Auditing front end performance on web application - javascript

I am currently trying to performance tune the UI of a company web application. The application is only ever going to be accessed by staff, so the speed of the connection between the server and client will always be considerably more than if it was on the internet.
I have been using performance auditing tools such as Y Slow! and Google Chrome's profiling tool to try and highlight areas that are worth targeting for investigation. However, these tools are written with the internet in mind. For example, the current suggestions from a Google Chrome audit of the application suggests is as follows:
Network Utilization
Combine external CSS (Red warning)
Combine external JavaScript (Red warning)
Enable gzip compression (Red warning)
Leverage browser caching (Red warning)
Leverage proxy caching (Amber warning)
Minimise cookie size (Amber warning)
Parallelize downloads across hostnames (Amber warning)
Serve static content from a cookieless domain (Amber warning)
Web Page Performance
Remove unused CSS rules (Amber warning)
Use normal CSS property names instead of vendor-prefixed ones (Amber warning)
Are any of these bits of advice totally redundant given the connection speed and usage pattern? The users will be using the application frequently throughout the day, so it doesn't matter if the initial hit is large (when they first visit the page and build their cache) so long as a minimal amount of work is done on future page views.
For example, is it worth the effort of combining all of our CSS and JavaScript files? It may speed up the initial page view, but how much of a difference will it really make on subsequent page views throughout the working day?
I've tried searching for this but all I keep coming up with is the standard internet facing performance advice. Any advice on what to focus my performance tweaking efforts on in this scenario, or other auditing tool recommendations, would be much appreciated.
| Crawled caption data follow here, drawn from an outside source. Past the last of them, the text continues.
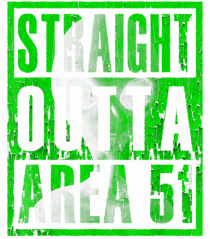 Straight Outta Area 51 Retro Vintage 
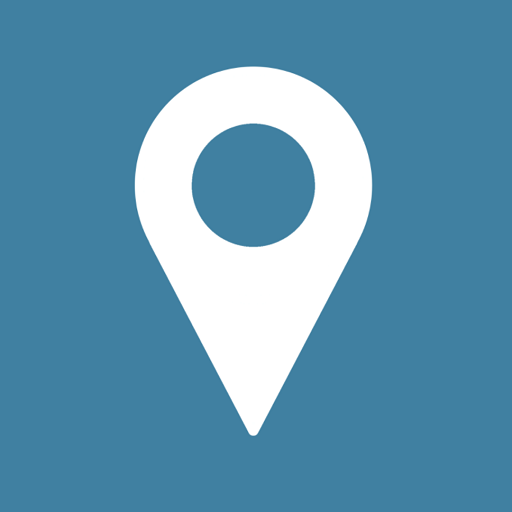 Im here now, location sharing logo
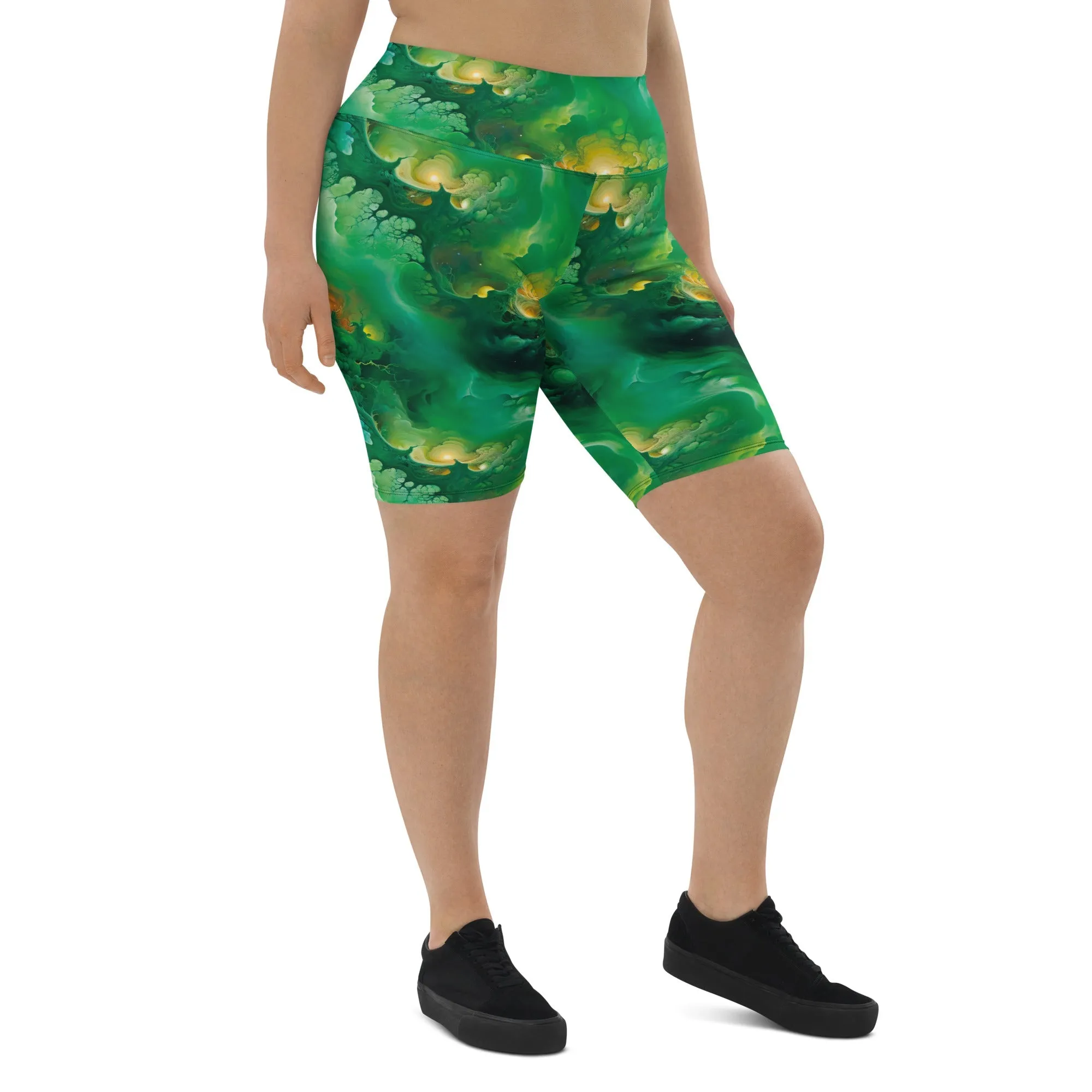 Biker Shorts - Viridian Shroud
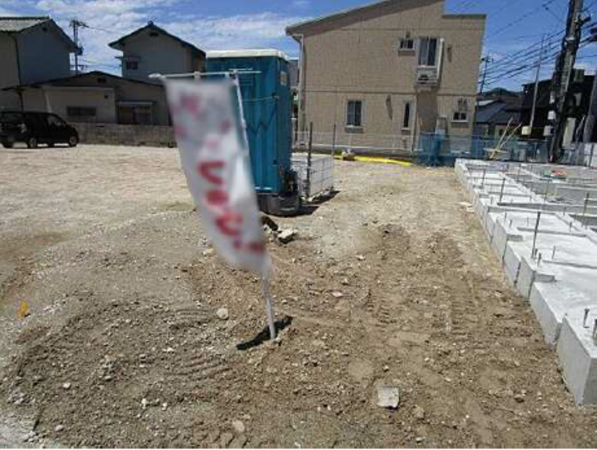 広島市東区温品、土地の画像です
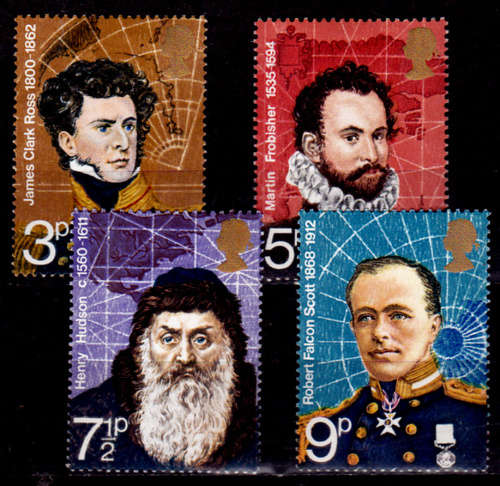 ENGLAND 1972, 16 Feb. BRITISH POLAR EXPLORERS, set, MH, CV +/-R 35.00 view scans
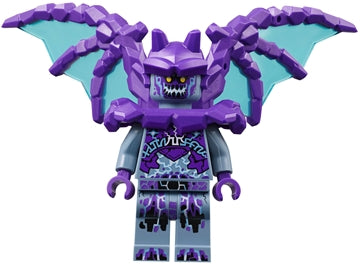 Preowned LEGO® Minifigure – NEXO KNIGHTS nex081 Gargoyle Dark Purple Wings w/Trans-Light Bl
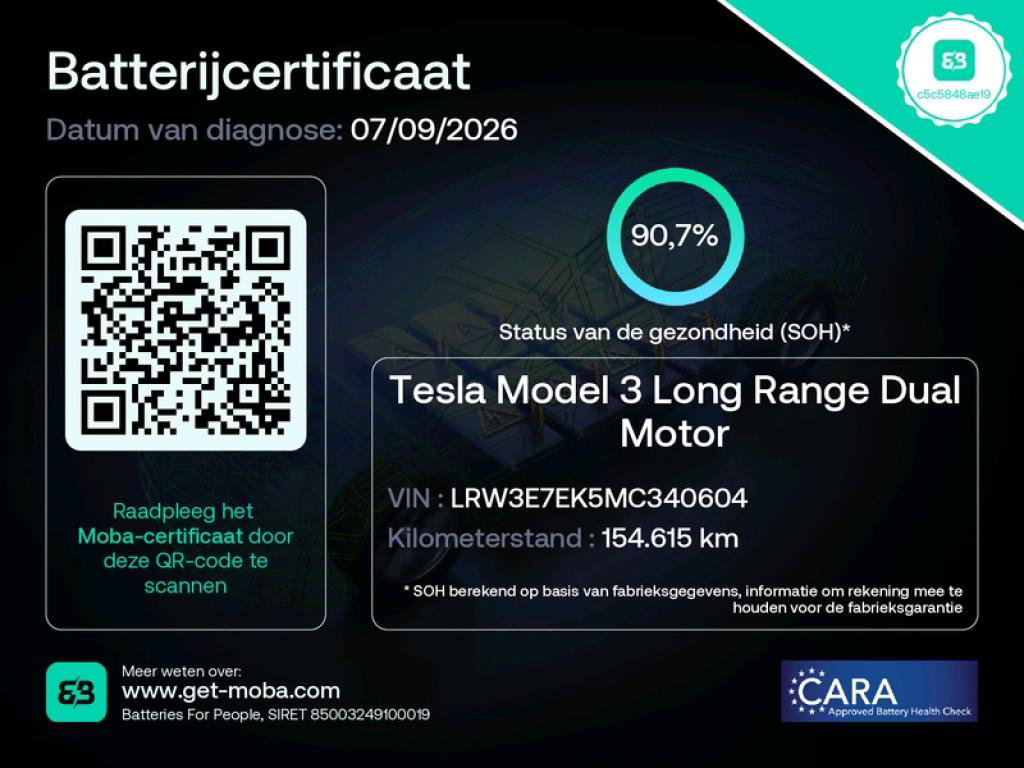 Tesla Model 3 Long-Range AWD 351pk 75 kWh 90,7% SoH FACELIFT [ WARMTEPOMP+AUTOPILOT+620KM WLTP+PREMIUM AUDIO ] 11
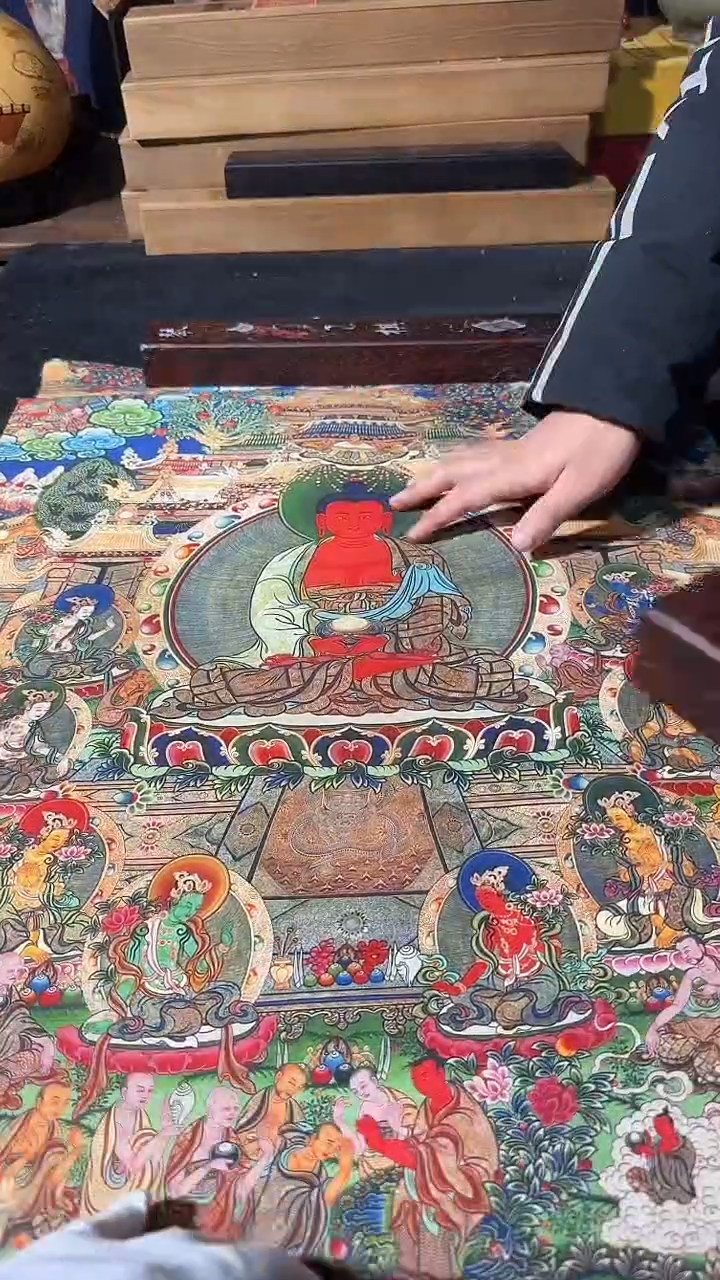 卷轴画藏式珍藏彩绘艺术馆90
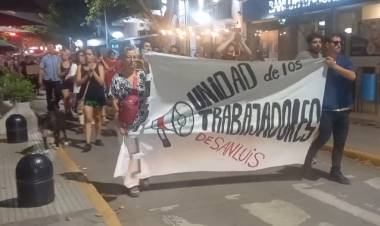 MARCHA EN PROTESTA EN LA CIUDAD DE VILLA MERCEDES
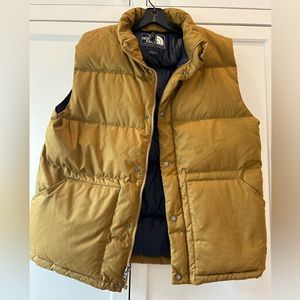 Tan North Face Puffy Vest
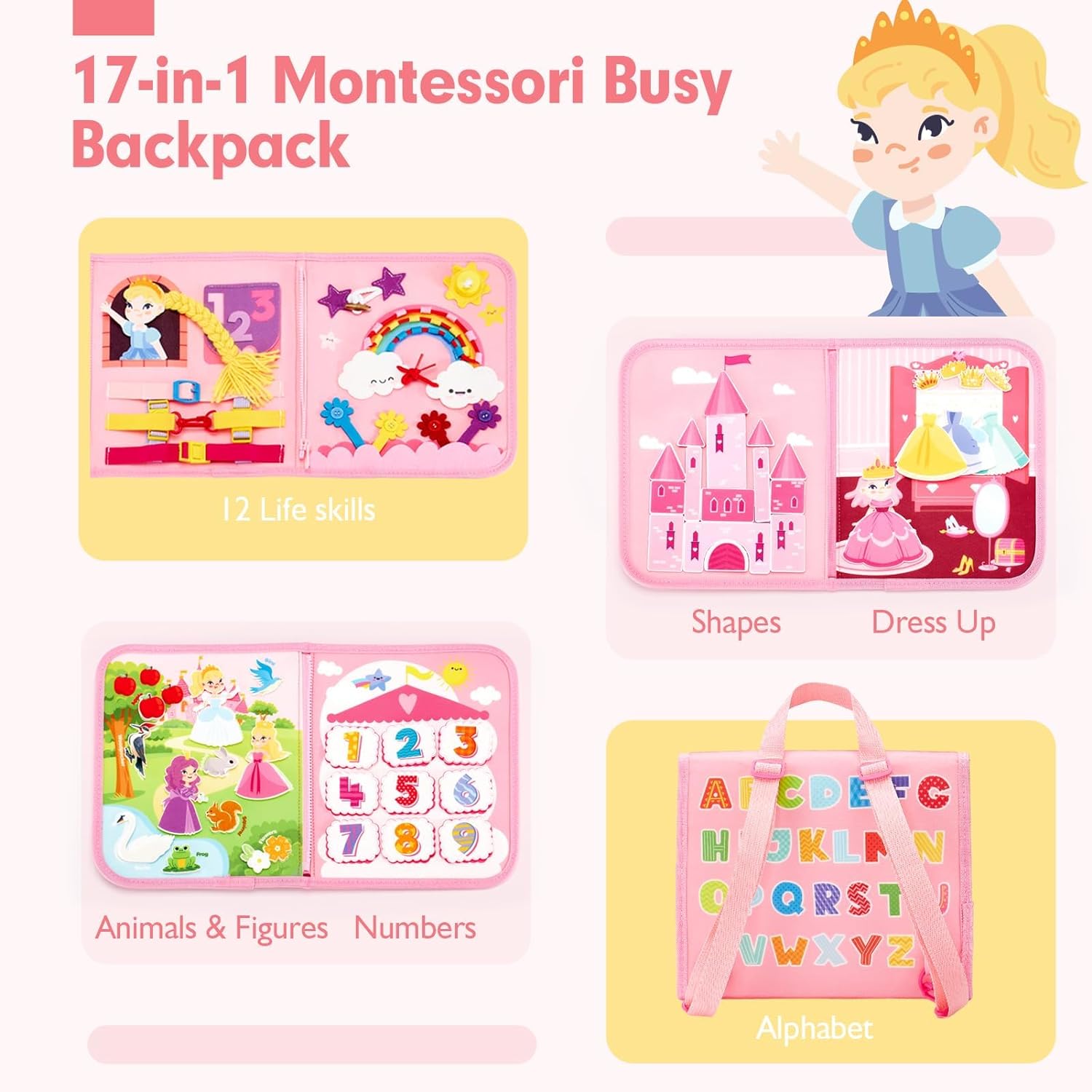 Toddler Busy Board Toys Montes - đánh giá và giá Travel Accessories With Baby
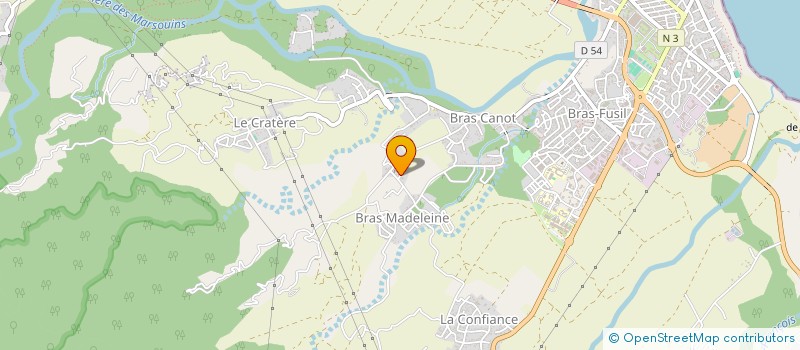 localisation de l'entreprise MARJEAN & ARTHUR  SAINT-BENOIT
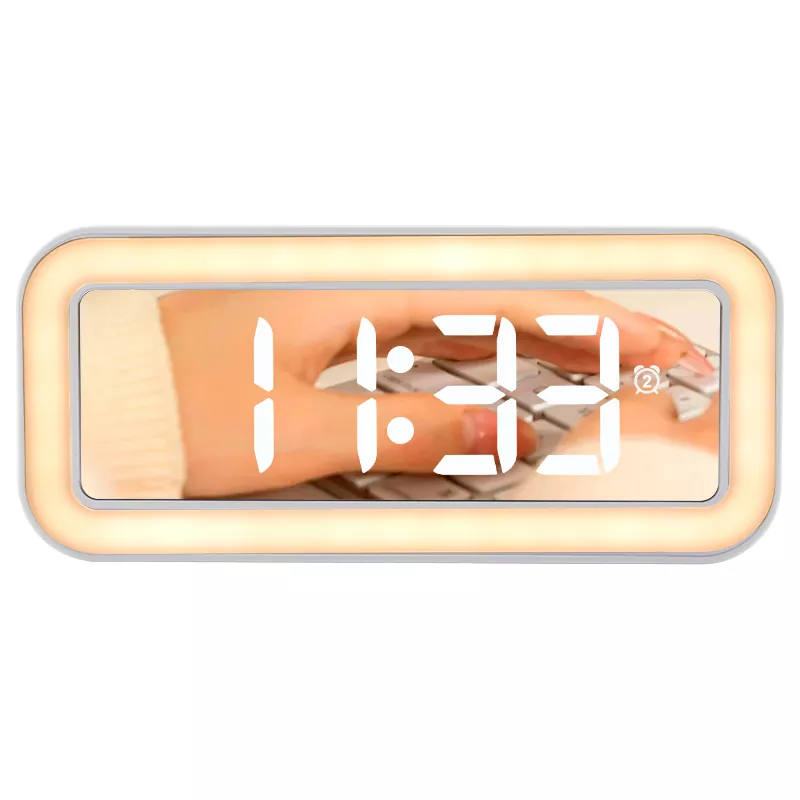 Jam Alarm Lampu Malam Suhu Alarm Ganda LED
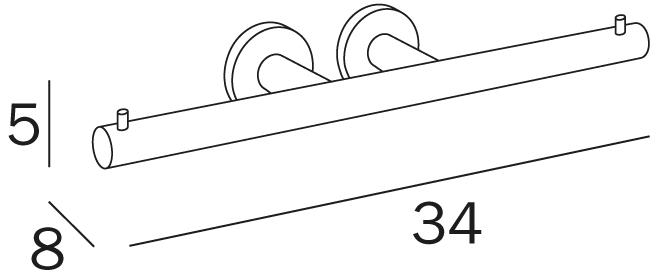 INDA® Двойной держатель для бумаги Touch A46252 - Вид №1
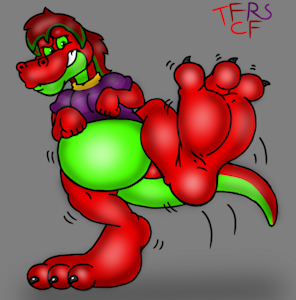 Stuart T-Rex Form by TheRedSkunk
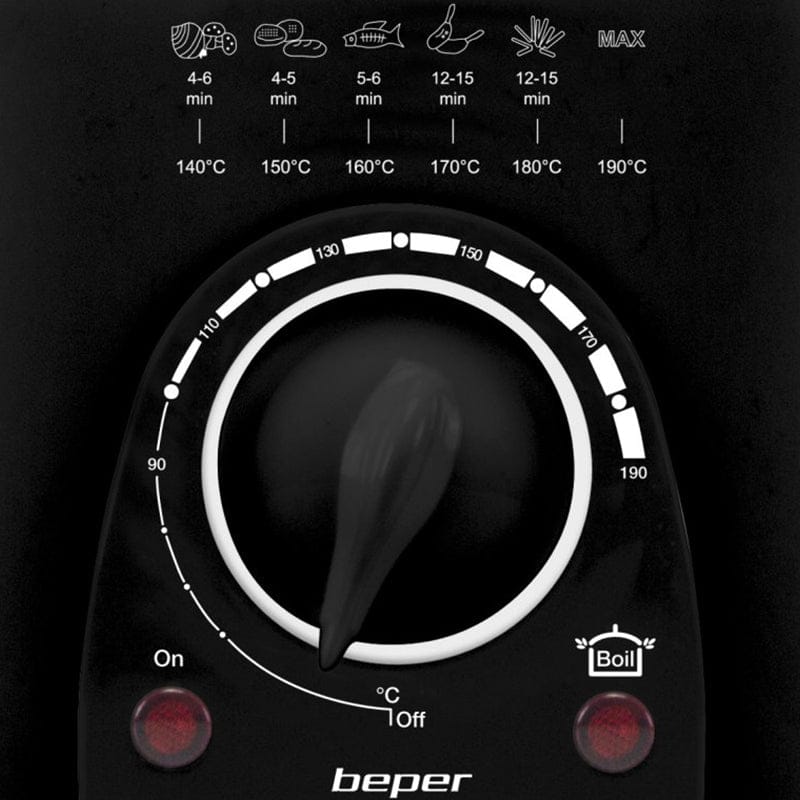 Beper Air Fryer Air Fryer Beper BP101100 | 950W, 1L, Inox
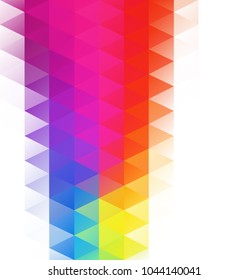 Colorful Grid Mosaic Background, Creative Design Templates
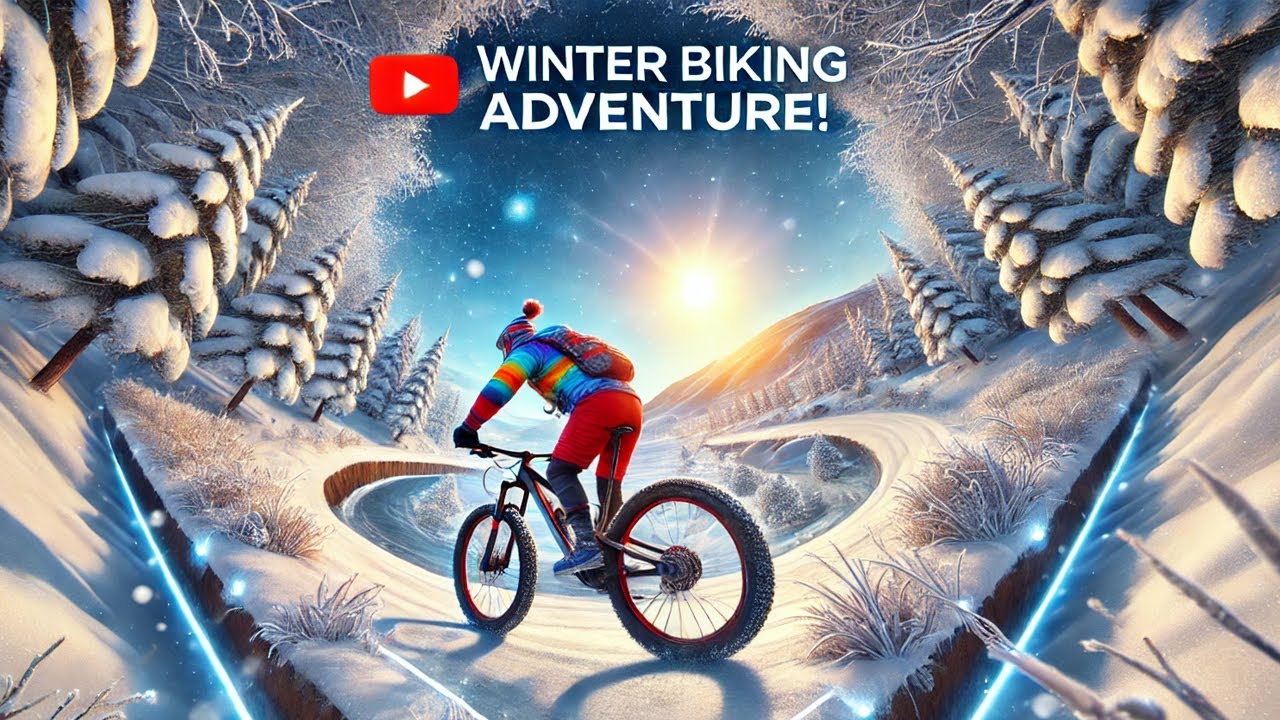 Virtual Winter Bike Ride | Insta360 GO 3S Virtual Biking Experience🚴❄️🌞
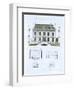 Design from 'Town and Country Houses Based on the Modern Houses of Paris', C.1864 (Colour Litho)-Leblanc-Framed Premium Giclee Print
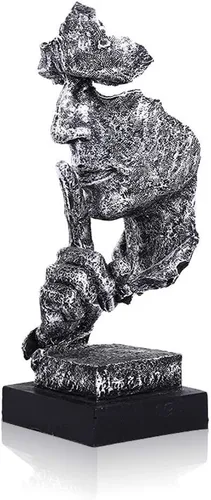 Miniatura 6 de Lependor Decoraciones de escritorio abstractas y creativas, estatuas de pensador, estatuas y esculturas para la decoración del hogar y la sala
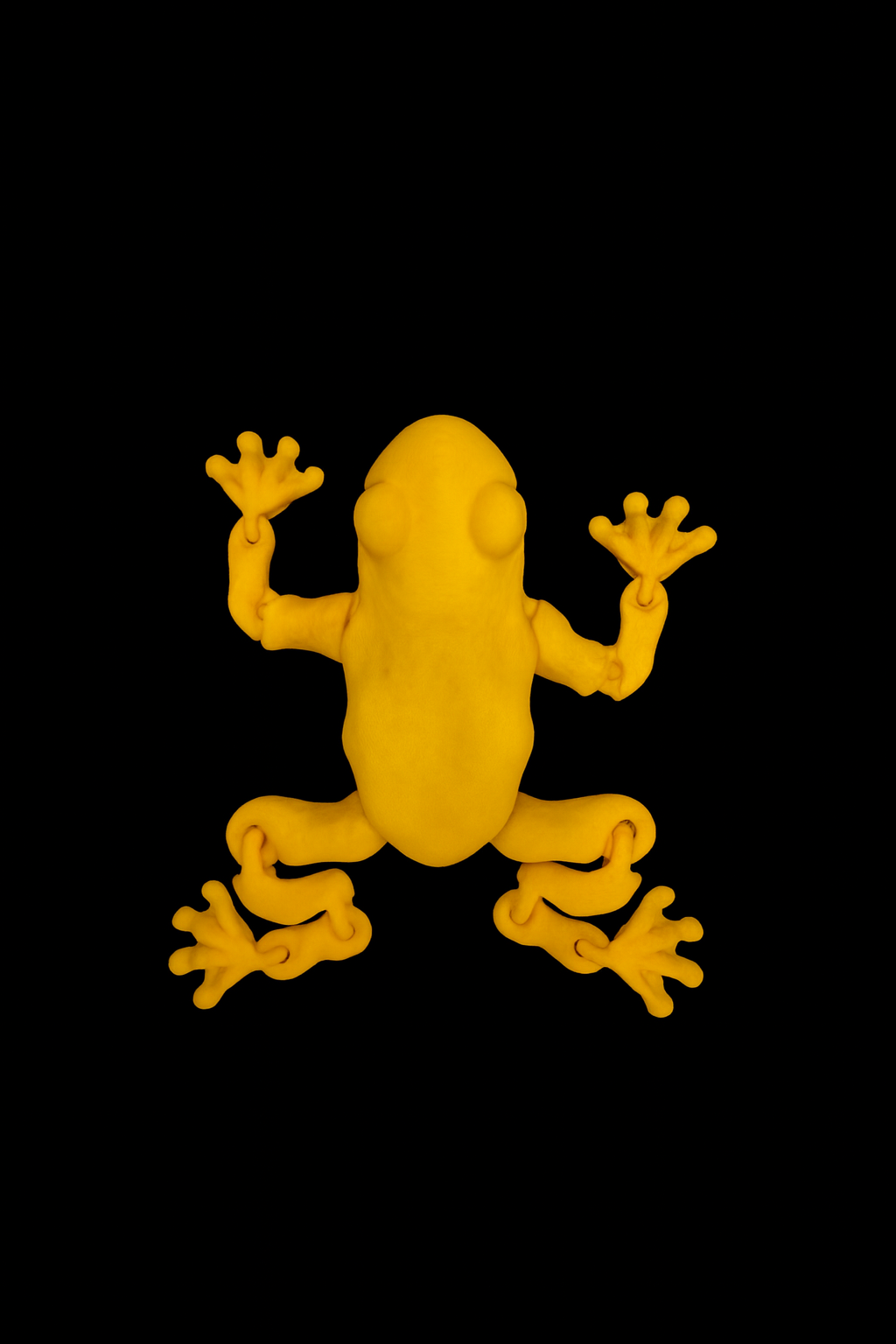 3D Printed Yellow Dart Frog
One size does not fit all with these things; the item that immediately jumps out as something that will have a big impact is "leverage browser caching". This reduces bandwidth use, obviously, but also tells the browser it doesn't need to re-parse whatever you've cached. Even if you have plenty of bandwidth, each file you download requires resources from the browser - a thread to manage the download, the parsing of the file, managing memory etc. Reducing that will make the app feel faster.
GZIP compression is possibly redundant, and potentially even harmful if you really do have unlimited bandwidth - it consumes resources both on the server and the client to compress the data. Not much, and I've never been able to measure - but in theory it might make a difference.
Proxy caching may also help - depending on your company's network infrastructure.
Reducing cookie size may help - not just because of the bandwidth issue, but again managing cookies consumes resources on the client; this also explains why serving static assets from cookie-less domains helps.
However, if you're going to optimize the performance of the UI, you really need to understand where the slow-down is. Y!Slow and Chrome focus on common problems, many of them related to bandwidth and the behaviour of the browser. They don't know if one particular part of the JS is slow, or whether the server is struggling with a particular dynamic page request.
Tools like Firebug help with that - look at what's happening with the network, and whether any assets take longer than you expect. Use the JavaScript profiler to see where you're spending the most time.

Most of these tools provides steps or advice for one time check. However it solves few issues, it does not tell you how your user experiences your site. Always Real user monitoring is a right solution to measuring live user performances. You can use Navigation Timing API to measure page load time and resource timings.
If you want to look for service, you can try https://www.atatus.com/ which provides Real User monitoring, Ajax Monitoring, Transaction monitoring and JavaScript error tracking.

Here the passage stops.